Europe’s economic and political integration following the Second World War, and the decades of relative peace which have followed since are a model to follow according to Bromberg, who argued that just as steel and coal, the continent’s two most important resources, were were able to form ties in Europe, water and energy could do the same in the Jordan Valley.

Yet, inevitably, as with everything in the region, the discussion devolves into a political one. “Water is not a problem, it is not a zero sum game. Some people, especially in Israel, have a surplus of water,” Dr. Nader Al-Khateeb, EcoPeace’s director in the Palestinian Territories, told The Media Line. Politics, and not a shortage of water, was causing the pollution and lack of economic resourcing seen in the area, he charged. According to Al-Khateeb, it is for this reason that the NGO EcoPeace weighs in on politically-charged issues and debates and is “very clear about our political position, [supporting] a two state solution, within the international (consensus) on recognized 1967 borders.”

A stance on politics is not unnatural Bromberg said, “Our name is EcoPeace: ecological peace – we are an environmental organization at heart but we are also a peace organization.” In order to move forward on the environmental agenda, Bromberg argued, such issues have to be touched on and therefore EcoPeace advocates for a two-state solution.
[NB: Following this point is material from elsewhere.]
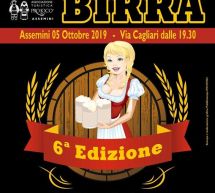 FESTA DELLA BIRRA – ASSEMINI – SABATO 5 OTTOBRE 2019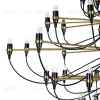 Подвесная люстра Divinare Molto 8030/17 LM-50 8030/17 LM-50 - 4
“We don’t think that this is particularly radical – our Israeli Prime Minister says he’s in favor of a two-state solution,” Bromberg pointed out.

But he did acknowledge that EcoPeace is not without its detractors. Activists in the Palestinian Territories and in Jordan have received threatening phone calls and activities by the organizations have been disrupted by individuals aligned with the “anti-normalization campaign”[Editor’s Note: a movement in the Arab world opposing all efforts to “normalize” relations with the state of Israel or institutions located inside the Jewish state.] In Israel, EcoPeace has found itself labelled as traitorous.

Extremists on both sides of the Israeli-Palestinian conflict are hostile to EcoPeace’s work, Bromberg said. Such individuals believe that any cooperation with the other side prior to a resolution of the conflict is an attempt to maintain the status quo or is collaboration against your own people, the Israeli Director said. “We think that has no analytical or practical basis what so ever,” Bromberg concluded.

A pro-Israel think tanks maintains that water has increasingly become a politicized weapon in the discussion of the Israeli-Palestinian conflict and is being used as a tool to delegitimize the Jewish state. NGO Monitor, an organization which aims to expose anti-Israeli sentiment among many of the groups working in Israel, listed a number of NGOs it felt were using water as a political tool. EcoPeace was not among the list, reinforcing its assertion that “it focuses on the environment and not on the conflict.”

In the meantime, while the politics is debated, the Jordan continues to trickle by and thousands of pilgrims come to be baptized in its sickly beige water each year. If environmentalists are able to get their way, within a few decades the water such visitors bathe in might even be clean.